The first cat we walked on a leash, Screech, seemed happy enough to do so because it got her out of the car during the rest stops we took while driving over Christmas vacation from the east coast to Missouri and back. My husband and I were young, and lucky, and didn’t realize that most cats would rather lie immobile, perhaps until forever, rather than walk while wearing a harness. Screech didn’t object either to the harness or to being walked while we stopped at a rest area along the Pennsylvania Turnpike. Screech was a trooper.

My husband and Screech, taking in the Pennsylvania Turnpike in December.

My husband and Screech, taking in the Pennsylvania Turnpike in December.

The second cat we had that we leash-trained, Pippin, took to it as if he’d been born to walk on a leash. It helped that Pippin loved traveling in the car and he associated the leash with going on car rides. Again, we lucked out.

 

Me and Pippin near the border between West and East Germany.
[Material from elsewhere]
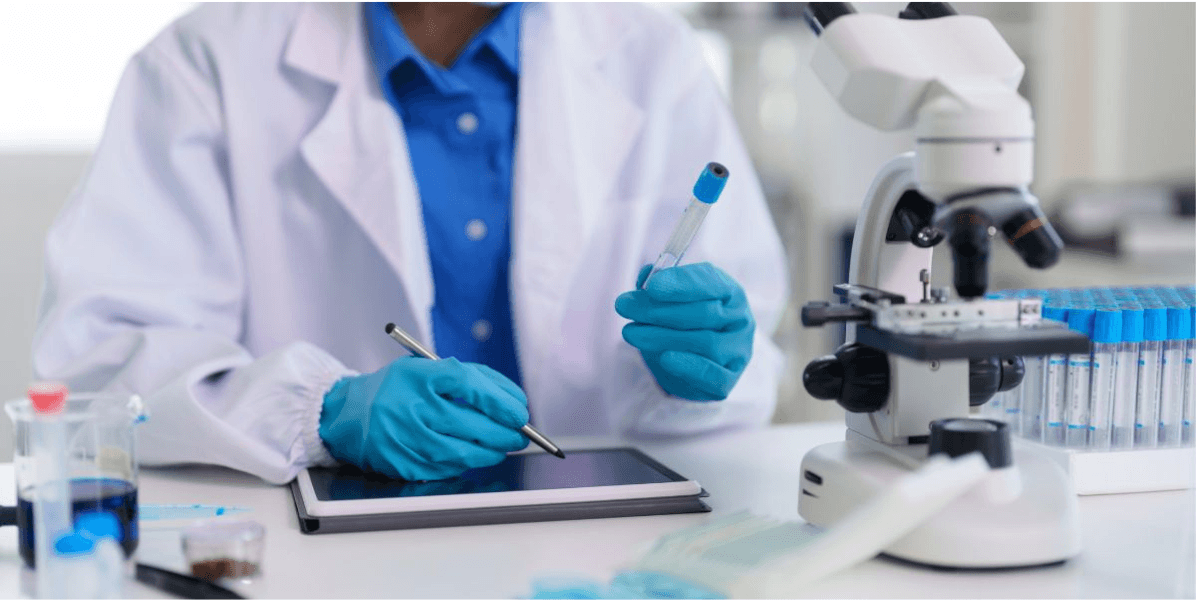 A person in a lab coat focused on a tablet, engaged in research or data analysis in a laboratory setting.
Me and Pippin near the border between West and East Germany.

 

[The above photo will look odd to military personnel who were stationed in Germany before 1989.  Part of my husband’s job at the time, though, was to keep an eye on changes along the border while not looking like a soldier.  Odd, but that was the way it was. With Pippin, he definitely didn’t look like an American soldier.]

Pippin’s ‘sister,’ Merrie, apparently took her cue from her older ‘brother’ and tolerated the harness-and-leash setup. (yes, that’s a Lord of the Rings theme going on there with the cat names) The leash-training was probably easy because Merrie was a tiny kitten when she joined the household. Harness-wearing was something she grew up with.

Pippin meeting Merrie

Pippin meeting Merrie

After the death of Pippin (the old guy made it to 19) Dinah joined the household. Dinah was a stinker, an adorable stinker, but a stinker nonetheless. Like Merrie, Dinah was introduced to harness-wearing when she was a kitten. Both Merrie (18) and Dinah (just missed 20) have joined Pippin.

Our daughters at a motel in South Dakota.  Merrie is behaving herself, as she usually did, but Dinah is being a rascal and trying to get down.

Our daughters at a motel in South Dakota. Merrie is behaving herself, as she usually did, but Dinah is being a rascal and trying to get down.

Dinah, probably scheming.

Dinah, probably scheming.

Dinah’s ‘siblings,’ Foofie and Pudding, were adult strays when they came to us. They didn’t appreciate harnesses.

Foofy, our white cat, after rolling in the dirt. That's what outdoor cats do.

Foofy, our white cat, after rolling in the dirt. That’s what outdoor cats do.

 

Pudding, the junk yard thug.

Pudding, the junk yard thug.

The current crop of cat-friends–mama Minka with her youngsters Rusty, and Audrey–don’t wear leashes, probably because we aren’t traveling with them. Our previous cats all joined the family during my husband’s military career and traveled with us in the United States as well as in Europe. Now that we’re a retiree family, no one is going to show up at the house with cardboard boxes and pack away everything to take all of it somewhere else, so the cats have no need to travel. They occasionally mosey out into the back yard, but that’s about it for their vacationing. One of our daughters is a veterinarian so even their health care (so far) comes to them.

Minka

Minka

Rusty

Rusty

Audrey

Audrey

I wish I had some useful tips about leash-training cats rather than just pictures, but other than starting them off with the harness as kittens, I think a lot has to do with the cat’s temperament. That and luck. Lots and lots of luck.